Dan Sumatera tak hanya punya emas. Pulau yang dilintasi Bukit Barisan itu juga kaya akan minyak bumi, gas bumi, batu bara, juga timah. Di zaman dahulu, emas digunakan sebagai alat tukar juga sebagai bahan baku pembuatan senjata, seperti keris, arca, patung-patung, dan benda pusaka lainnya.

Perburuan emas juga terus berlanjut saat bangsa kulit putih datang ke Nusantara. Belanda, misalnya, dalam setiap penjelajahannya dan penjajahannya, selalu menyertakan ahli-ahli geografi dan geologi. Salah satu yang terkenal adalah ilmuwan F.W. Junghuhn, yang merupakan bagian dari kelompok peneliti Royal Dutch Geographical Society.

Apa yang dihasilkan ilmuwan Junghuhn? Selama bertugas dan meneliti di Pulau Jawa pada 1835 hingga 1848 dan 1855 hingga 1864, dia melaporkan kondisi topografi, geografi, geologi, serta struktur batuan yang ada di pulau paling padat di Indonesia itu.

Dari para peneliti ini jugalah Belanda bisa membuat peta tambang di Hindia Belanda.

Baca Juga: Sekarang Freeport Dulu Cikotok, Inilah Sejarah Tambang Emas Pertama Di Indonesia

Masih dari sumber yang sama, era tambang modern di Indonesia dimulai pada 1602. Saat itu Belanda masih diwakili oleh VOC, kongsi dagang yang sejak pendiriannya sudah dibekali hak-hak istimewa meskipun pada akhirnya bangkrut karena ulah korup pejabatnya. 

Setelah VOC bubar, kekuasaan di Hindia Belanda diambil sepenuhnya oleh pemerintah kolonial. Ada beberapa perubahan yang dilakukan oleh rezim baru ini, di antaranya adalah urusan pertambangan. Di era ini, pemerintah mulai melibatkan pihak swasta.

Pada 1850, pemerintah Hindia Belanda membentuk Dinas Pertambabgan Dienst van het Mijnwezen yang lokasinya di Batavia. Dinas ini ditujukan untuk mempermudah keterlibatan pihak swasta, juga untuk lebih mengoptimalkan penelitian geologi. Dinas ini juga digunakan untuk membuat dunia pertambangan semakin terarah.

Di tahun yang sama berlaku aturan pertambangan pertama bernama Mijn Reglement 1850. Dalam aturan ini, pemerintah berwenang memberikan hak atau konsesi penambangan untuk pihak swasta (warga negara Belanda)--meskipun masih terbatas.

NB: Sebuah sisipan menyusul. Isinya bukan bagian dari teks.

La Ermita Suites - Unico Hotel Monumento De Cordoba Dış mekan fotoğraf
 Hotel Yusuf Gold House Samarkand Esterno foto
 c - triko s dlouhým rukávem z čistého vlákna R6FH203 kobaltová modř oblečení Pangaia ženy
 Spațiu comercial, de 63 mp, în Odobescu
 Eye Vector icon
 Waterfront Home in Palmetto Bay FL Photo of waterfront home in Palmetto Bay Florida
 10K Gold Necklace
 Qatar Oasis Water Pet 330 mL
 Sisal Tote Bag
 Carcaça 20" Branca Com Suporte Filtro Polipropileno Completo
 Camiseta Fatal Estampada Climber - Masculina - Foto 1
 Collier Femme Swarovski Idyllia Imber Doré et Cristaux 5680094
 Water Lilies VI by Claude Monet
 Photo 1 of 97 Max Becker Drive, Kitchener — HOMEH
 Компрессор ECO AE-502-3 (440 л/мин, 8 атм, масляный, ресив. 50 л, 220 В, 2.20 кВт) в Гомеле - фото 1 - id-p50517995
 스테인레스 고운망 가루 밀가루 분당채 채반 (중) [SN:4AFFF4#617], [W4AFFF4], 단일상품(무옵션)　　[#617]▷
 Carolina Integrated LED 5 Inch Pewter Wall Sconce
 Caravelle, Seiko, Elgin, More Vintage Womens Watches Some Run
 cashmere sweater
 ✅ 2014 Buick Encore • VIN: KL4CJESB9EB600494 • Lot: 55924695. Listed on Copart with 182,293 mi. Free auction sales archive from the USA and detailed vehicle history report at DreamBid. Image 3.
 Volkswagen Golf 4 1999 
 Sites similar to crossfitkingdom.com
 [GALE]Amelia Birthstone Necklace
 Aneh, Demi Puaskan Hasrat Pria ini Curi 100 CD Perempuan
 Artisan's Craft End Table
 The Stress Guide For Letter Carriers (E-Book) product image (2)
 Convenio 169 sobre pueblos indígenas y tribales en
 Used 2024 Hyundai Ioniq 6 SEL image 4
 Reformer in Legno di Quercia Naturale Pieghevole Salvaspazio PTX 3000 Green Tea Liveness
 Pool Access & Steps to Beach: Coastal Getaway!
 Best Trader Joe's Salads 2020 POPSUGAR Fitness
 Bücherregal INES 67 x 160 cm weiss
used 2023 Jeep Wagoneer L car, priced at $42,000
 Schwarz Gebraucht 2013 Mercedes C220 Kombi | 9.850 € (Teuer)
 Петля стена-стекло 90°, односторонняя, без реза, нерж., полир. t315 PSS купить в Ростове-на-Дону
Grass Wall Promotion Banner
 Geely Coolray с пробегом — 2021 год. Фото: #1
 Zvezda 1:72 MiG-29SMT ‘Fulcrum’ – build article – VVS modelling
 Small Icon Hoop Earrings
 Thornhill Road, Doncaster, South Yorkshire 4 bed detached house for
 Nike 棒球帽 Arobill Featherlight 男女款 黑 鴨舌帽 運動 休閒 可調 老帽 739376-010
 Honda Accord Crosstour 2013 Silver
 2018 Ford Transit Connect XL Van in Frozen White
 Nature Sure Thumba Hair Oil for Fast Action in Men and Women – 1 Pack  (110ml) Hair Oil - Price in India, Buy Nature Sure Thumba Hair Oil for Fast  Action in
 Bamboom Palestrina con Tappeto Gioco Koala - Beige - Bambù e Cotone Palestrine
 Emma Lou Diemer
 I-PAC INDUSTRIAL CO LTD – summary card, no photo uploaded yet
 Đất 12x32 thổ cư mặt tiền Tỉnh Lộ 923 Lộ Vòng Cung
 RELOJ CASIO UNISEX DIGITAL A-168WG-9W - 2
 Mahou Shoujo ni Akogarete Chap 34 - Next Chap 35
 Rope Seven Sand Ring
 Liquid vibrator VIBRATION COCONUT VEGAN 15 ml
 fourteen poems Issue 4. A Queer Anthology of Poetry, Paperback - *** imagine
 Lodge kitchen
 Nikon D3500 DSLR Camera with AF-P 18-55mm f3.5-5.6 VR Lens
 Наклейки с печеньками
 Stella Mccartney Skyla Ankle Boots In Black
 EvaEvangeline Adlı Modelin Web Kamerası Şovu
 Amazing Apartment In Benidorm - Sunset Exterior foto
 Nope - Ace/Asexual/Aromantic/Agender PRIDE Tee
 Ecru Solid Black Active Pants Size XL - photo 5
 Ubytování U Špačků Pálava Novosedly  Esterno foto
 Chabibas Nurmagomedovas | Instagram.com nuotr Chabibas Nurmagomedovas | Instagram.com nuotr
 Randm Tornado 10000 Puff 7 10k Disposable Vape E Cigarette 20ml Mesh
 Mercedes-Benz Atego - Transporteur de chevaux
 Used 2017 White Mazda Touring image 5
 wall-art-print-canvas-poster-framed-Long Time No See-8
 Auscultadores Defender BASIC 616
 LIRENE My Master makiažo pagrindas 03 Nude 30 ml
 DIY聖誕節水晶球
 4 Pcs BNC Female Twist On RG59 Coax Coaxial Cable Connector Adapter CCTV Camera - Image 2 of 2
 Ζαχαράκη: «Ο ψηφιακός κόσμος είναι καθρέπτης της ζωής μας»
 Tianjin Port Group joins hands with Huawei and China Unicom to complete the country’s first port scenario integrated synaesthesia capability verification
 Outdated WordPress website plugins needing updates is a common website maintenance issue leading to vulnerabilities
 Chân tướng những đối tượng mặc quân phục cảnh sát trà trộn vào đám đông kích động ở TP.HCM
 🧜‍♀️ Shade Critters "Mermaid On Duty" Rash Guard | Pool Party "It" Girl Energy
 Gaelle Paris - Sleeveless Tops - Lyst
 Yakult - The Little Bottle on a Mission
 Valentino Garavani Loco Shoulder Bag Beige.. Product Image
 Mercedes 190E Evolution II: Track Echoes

Seiring berjalannya waktu, pemerintahan Hindia Belanda kemudian membentuk Nederlandsche Indische Ardalie Maatschappij (NIAM) pada 1930-an. Ini adalah perusahaan patungan antara Pemerintah dengan perusahaan minyak asal Belanda, BPM atau Bataafsche Petroleum Maatschappij, dengan pembagian keuntungan 50-50.

Sebelumnya, pemerintah Belanda pada 1899 menerbitkan Indische Mijnwet Staatsblad Tahun 1899 Nomor 214. Cikal bakal regulasi ini adalah Undang-undang Pertambangan tahun 1810 yang menggantikan Undang-Undang Pertambangan 1791 di Kota Limburg.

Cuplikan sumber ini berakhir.